Factorial Trailing Zeroes

Given an integer n, return the number of trailing zeroes in n!. Computing factorial directly is unnecessary and will overflow quickly.

Function signature

func TrailingZeroes(n int) int

Inputs / outputs

• n: non-negative integer.
• Return: number of trailing zeros in n!.

Example

5! = 120 -> 1
10! ends with two zeros -> 2

Constraints

• 0 <= n <= 1_000_000_000

Core idea (near-solution)

Trailing zeros come from factors of 10 = 2 * 5. There are more 2s than 5s, so count how many factors of 5 appear in all numbers from 1..n.

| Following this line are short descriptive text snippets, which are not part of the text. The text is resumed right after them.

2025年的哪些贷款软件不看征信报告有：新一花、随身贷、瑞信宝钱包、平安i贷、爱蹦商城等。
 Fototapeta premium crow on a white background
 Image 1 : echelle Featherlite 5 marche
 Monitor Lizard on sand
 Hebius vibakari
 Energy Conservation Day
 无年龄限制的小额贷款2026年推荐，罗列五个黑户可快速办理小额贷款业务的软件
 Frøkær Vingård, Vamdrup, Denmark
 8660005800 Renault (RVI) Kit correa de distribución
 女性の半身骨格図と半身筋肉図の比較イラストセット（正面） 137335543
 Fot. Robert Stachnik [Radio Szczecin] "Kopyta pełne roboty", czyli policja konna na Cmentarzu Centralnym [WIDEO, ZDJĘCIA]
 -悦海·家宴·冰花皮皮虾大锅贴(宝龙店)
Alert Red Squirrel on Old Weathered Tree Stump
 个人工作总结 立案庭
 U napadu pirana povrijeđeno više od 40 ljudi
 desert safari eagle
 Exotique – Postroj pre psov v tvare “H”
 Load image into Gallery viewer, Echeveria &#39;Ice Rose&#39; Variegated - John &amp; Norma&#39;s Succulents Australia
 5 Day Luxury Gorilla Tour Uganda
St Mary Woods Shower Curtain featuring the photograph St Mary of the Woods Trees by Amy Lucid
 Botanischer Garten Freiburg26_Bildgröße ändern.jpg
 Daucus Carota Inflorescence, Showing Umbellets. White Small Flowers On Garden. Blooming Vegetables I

Invariant: after dividing by 5 repeatedly, you have counted the exact number of factors of 5.

Algorithm (step-by-step)

1. Initialize count = 0.
2. While n > 0:
   • n /= 5.
   • count += n.
3. Return count.

Correctness sketch

• Invariant: after dividing by 5 repeatedly, you have counted the exact number of factors of 5.
• The formula/transform follows from number properties or monotonicity.
• Each iteration preserves the mathematical invariant.
• Thus the computed value matches the definition of the problem.

Trace (hand walkthrough)

Example input:
5! = 120 -> 1
10! ends with two zeros -> 2

Walk:
- n=5: floor(5/5)=1 -> 1 zero
- n=10: floor(10/5)=2, floor(10/25)=0 -> 2 zeros

Pitfalls to avoid

• Computing n! directly.
• Counting only n/5 and forgetting higher powers (25, 125, ...).

Complexity

• Time: O(log_5 n).
• Extra space: O(1).

Implementation notes (Go)

• Use integer division; no 64-bit required unless n is extremely large.